Gonna have to go through the math again .. Won't happen today I fear ... Will keep you posted!
-
I think the problem maybe because of USD market is out of control yesterday.
delegate should adjust the weight for every market, change scale_xxx at config.json
"market_weight": {
"common": "weight depenth on (depth * scale)",
"common1": "include depth between price*(1-depth_change) and price*(1+depth_change)",
"depth_change": 0.03,
"scale_bts_usd": 0.5,
"scale_bts_cny": 1,
"scale_btc38": 1,
"scale_yunbi": 1,
"scale_bter": 0
},
Seems most ppl use bitsuperlab's price feed scripts because it comes first in the how to guide so most ppl use it.
Xeroc's feeds seem to track better and are off by 1% on average... that is a big difference. Please fix the price feed or everyone should switch to xeroc's.
-
I think the problem maybe because of USD market is out of control yesterday.
delegate should adjust the weight for every market, change scale_xxx at config.json
"market_weight": {
"common": "weight depenth on (depth * scale)",
"common1": "include depth between price*(1-depth_change) and price*(1+depth_change)",
"depth_change": 0.03,
"scale_bts_usd": 0.5,
"scale_bts_cny": 1,
"scale_btc38": 1,
"scale_yunbi": 1,
"scale_bter": 0
},
Seems most ppl use bitsuperlab's price feed scripts because it comes first in the how to guide so most ppl use it.
Xeroc's feeds seem to track better and are off by 1% on average... that is a big difference. Please fix the price feed or everyone should switch to xeroc's.
But gold was updating.. silver wasn't.. gold was down by 1% while silver was the same.. it took some time for silver to finally start catching up..
-
the publish rule is come from bytemaster's advice, here is it
5 #When attempting to write a market maker the slow movement of the feed can be difficult.
76 #I would recommend the following:
77 #if REAL_PRICE < MEDIAN and YOUR_PRICE > MEDIAN publish price
78 #if you haven't published a price in the past 20 minutes
79 # if REAL_PRICE > MEDIAN and YOUR_PRICE < MEDIAN and abs( YOUR_PRICE - REAL_PRICE ) / REAL_PRICE > 0.005 publish price
80 #The goal is to force the price down rapidly and allow it to creep up slowly.

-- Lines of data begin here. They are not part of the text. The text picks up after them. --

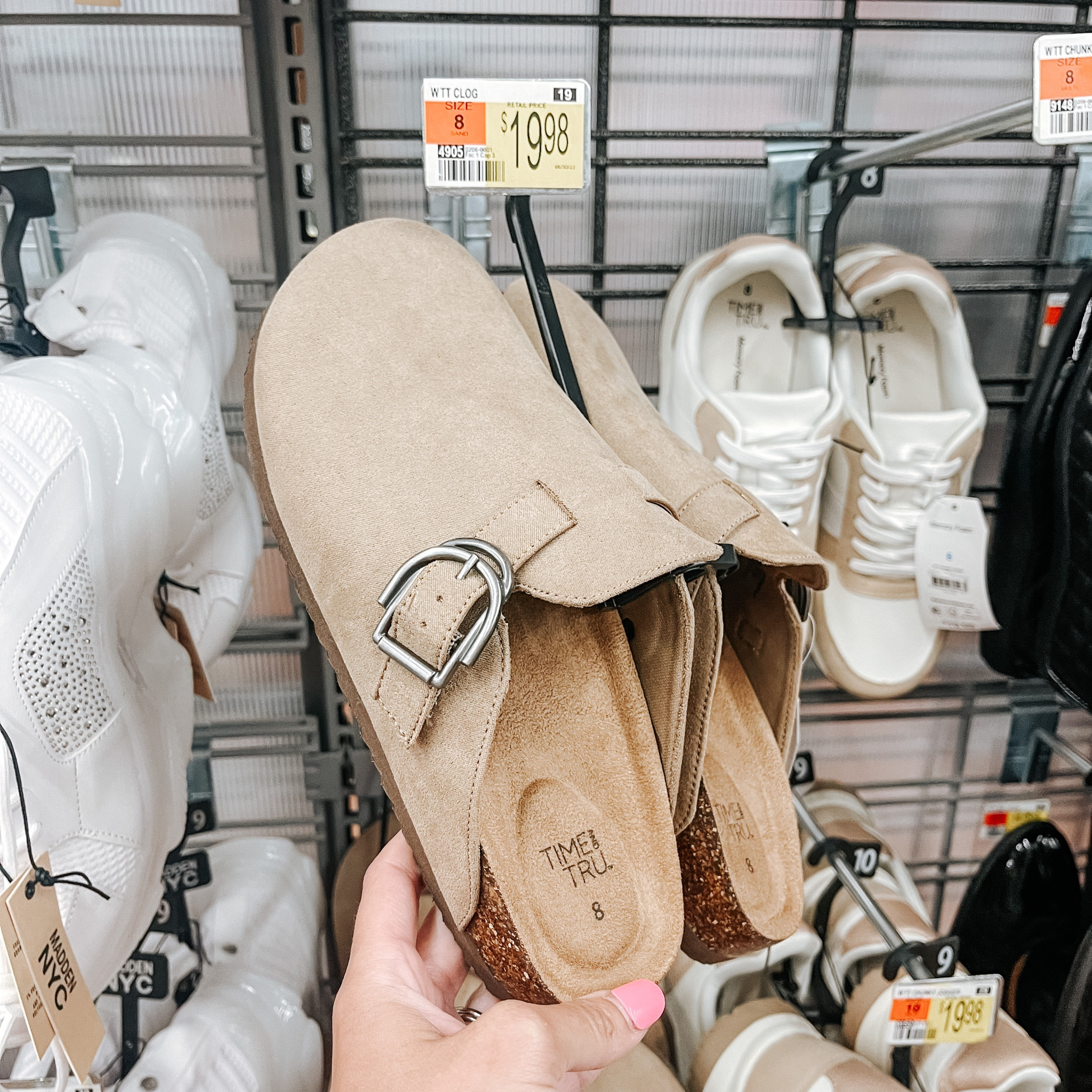 Time and Tru clogs at Walmart if you like Birkenstocks but don’t want to spend the money!

#walmart
#walmartfinds
#timeandtru
#clog
#birkenstock

#LTKstyletip #LTKshoecrush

81 #By publishing prices more often it helps market makers maintain the peg and minimizes opportunity for shorts to sell USD below the peg that the market makers then have to absorb.
82 #If we can get updates flowing smoothly then we can gradually reduce the spread in the market maker bots.
83 #*note: all prices in USD per BTS
-
One more fairly obvious item you should add to the list is:
Always multiply your published price by a random number that is close to 1; maybe within a quarter percent of one. It's an easy step that makes the price feed that much less predictable and improves security against precision market manipulation.
-
One more fairly obvious item you should add to the list is:
Always multiply your published price by a random number that is close to 1; maybe within a quarter percent of one. It's an easy step that makes the price feed that much less predictable and improves security against precision market manipulation.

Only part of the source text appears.